Rimane ribassista lo scenario sull’oro che ora perde anche il sostegno della componente speculativa. 

Secondo i dati del CFTC, nella settimana terminata il 12 novembre (prima del discorso della Yellen) le posizioni speculative short sull’oro sono salite a quota 54.143 unità, ben sopra le 26.490 unità della settimana precedente. Si tratta del valore più alto da metà agosto. La sensazione è che i molteplici segnali di rallentamento nella crescita dei prezzi al consumo in Europa e in Usa possano avere avuto un certo impatto sulla domanda di oro da parte degli investitori che temono possibili spinte inflattive. Il discorso ultra accomodante rilasciato dalla Yellen nei giorni seguenti è servito solo a placare temporaneamente la discesa del metallo prezioso.

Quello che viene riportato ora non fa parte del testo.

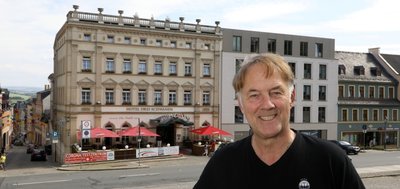 Frank Bernd, Chef vom Hotel "Drei Schwanen" in Hohenstein-Ernstthal, wartete am Dienstagnachmittag auf die ersten Gäste vom Honda-Racing-Team. Seit 20 Jahren kehren diese hier am Altmarkt ein. Doch auch andere Herbergen in der Region erwarten volle Häuser.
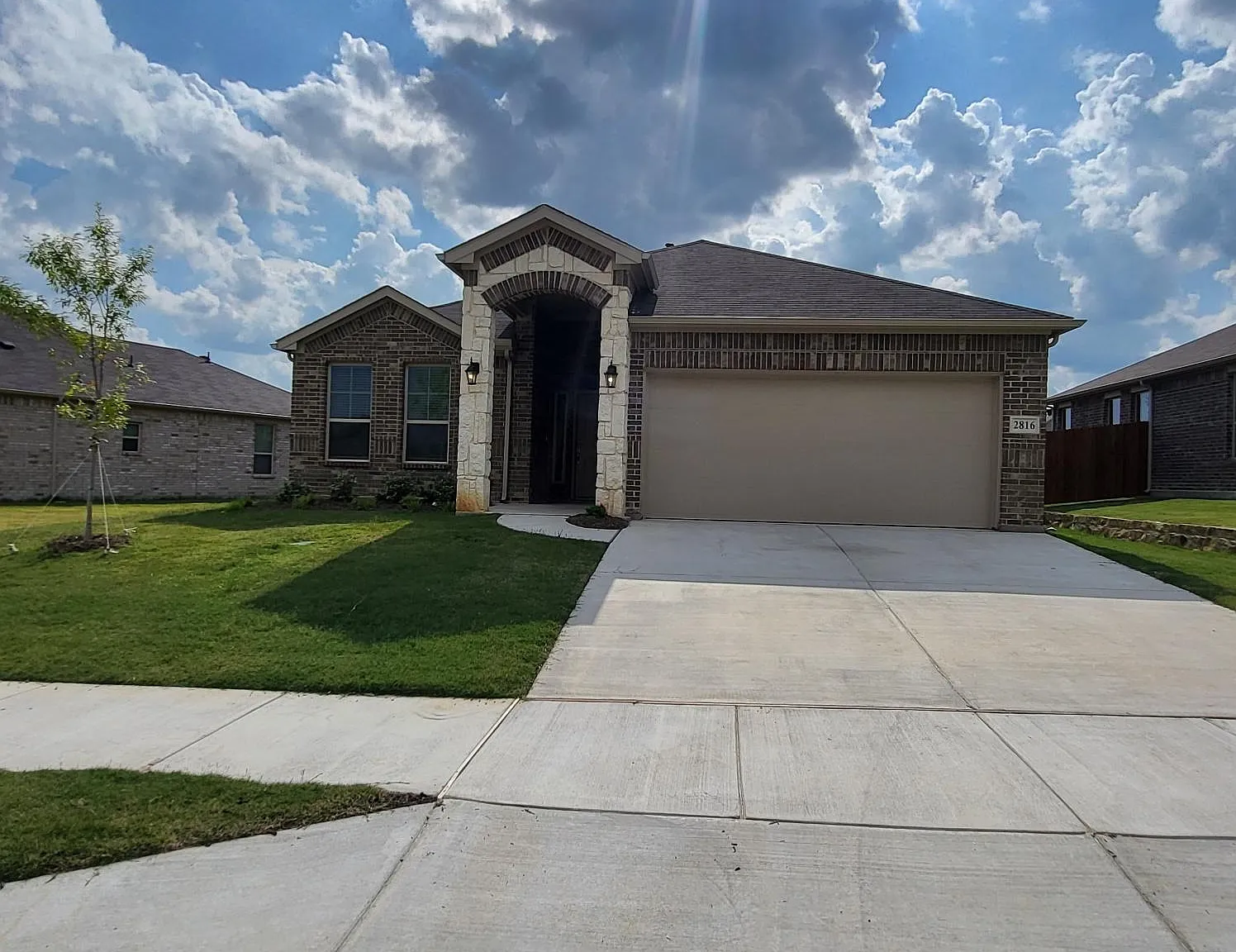 3 bed, 1831 sqft, $2,250 — Photo 2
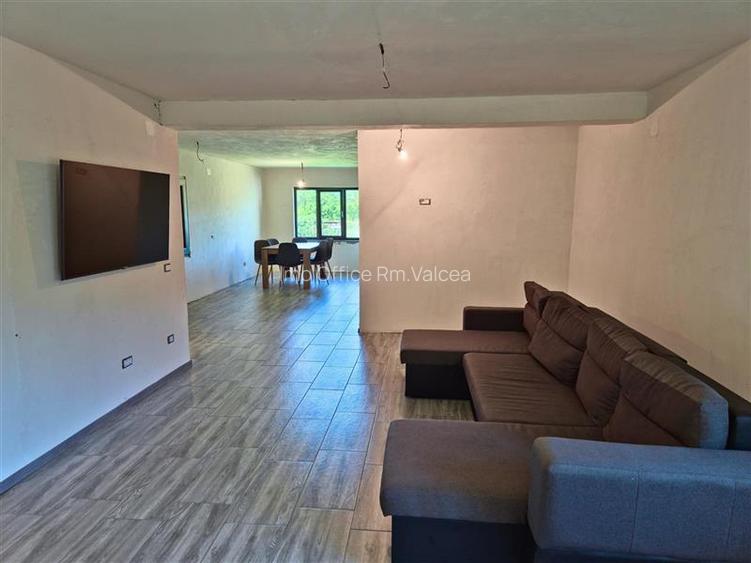 CASA PE PARTER IN BUJORENI - LINISTE, CURTE SI VEDERE SPRE VF. COZIA - 8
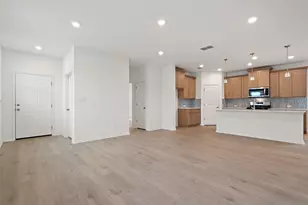 348 Glocken Ln, Kyle, TX 78640 - Photo 4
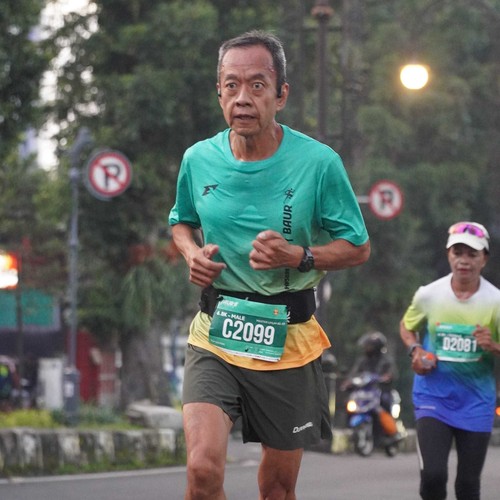 Race photo from BAUR RUN 2025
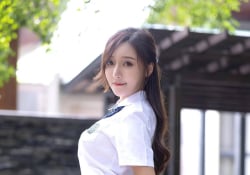 穿上OL制服的妙齡美女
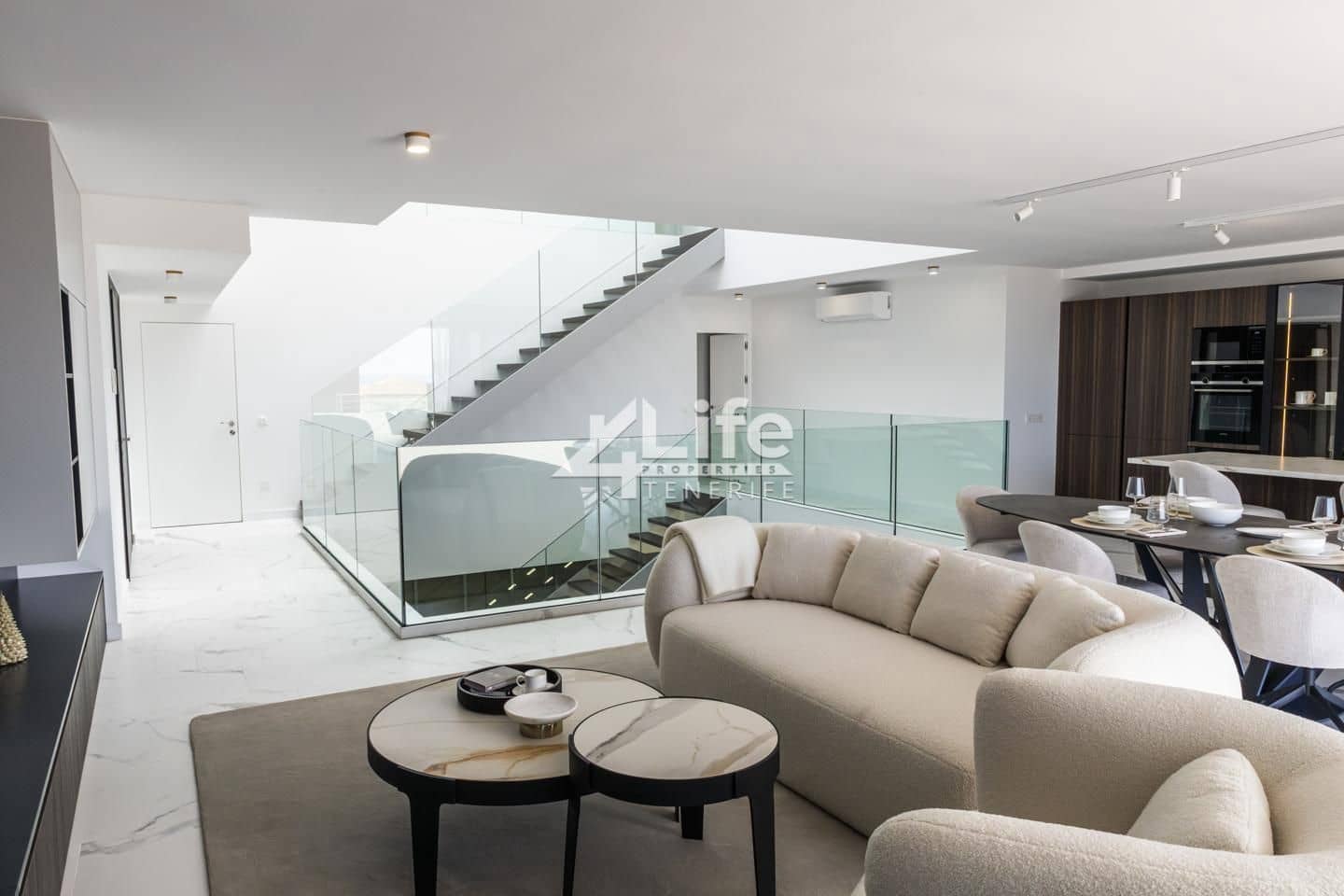 5 soveværelse Villa til salg i El Madronal med swimmingpool garage - € 3.500.000 (Ref: 9166624)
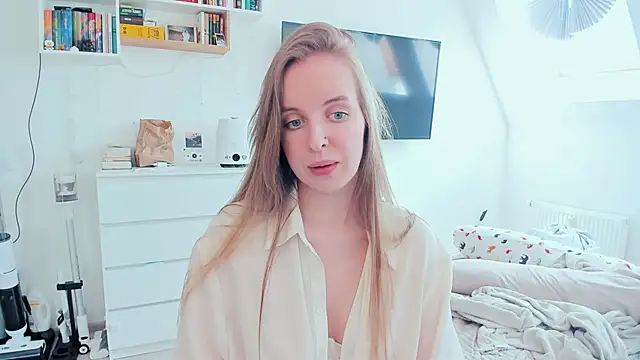 violet blue eyes online show from 5, 5, 2026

Sul fronte fondamentale, il quadro rimane molto incerto. Secondo i recenti dati del World Gold Concilium (WGC), le importazioni di oro della Cina (a 798 tonnellate da inizio anno) hanno per la prima volta superato quelle dell’India (715 tonnellate), primo consumatore di oro al mondo. Entro la fine dell’anno, la Cina dovrebbe raggiungere le mille tonnellate, mentre l’India si fermerà a 900. Le restrizioni, l’aumento delle tasse e il deprezzamento della rupia indiana sono le cause che hanno permesso ciò. In ottica prospettiva, la sensazione è che un ulteriore rallentamento dei prezzi al consumo e l’avvio del tapering della Fed potrebbe mettere ulteriori pressioni ribassiste sull’oro. Il calo potrebbe essere peggiorato anche dal possibile apprezzamento del biglietto verde che dovrebbe esserci quando inizierà la riduzione di acquisto asset da parte della Fed.

Dal punto di vista tecnico, il metallo giallo oscilla ora in area 1.280 dollari/oncia con il primo supporto collocato a 1.260 dollari, minimi da una settimana, e il secondo a 1.250 dollari, bottom dell’ultimo mese. Sarà solo con il cedimento di quest’ultimo livello che le prospettive di debolezza di medio periodo si farebbero nuovamente sotto con il supporto principale collocato in area 1.200-1.180 punti, minimi annuali segnati a fine giugno. Un allentamento delle pressioni ribassiste si avrebbe solo un superamento di slancio di area 1.310 punti (50% del ritracciamento nella discesa da fine ottobre), che potrebbe aprire a un recupero sino ai 1.360 punti, top delle ultime 3 settimane. Solo sopra questo livello si avrebbe un’inversione della strategia con una ripresa delle quotazioni (al momento abbastanza improbabili) con primo target a 1.375 e poi a 1.433 punti.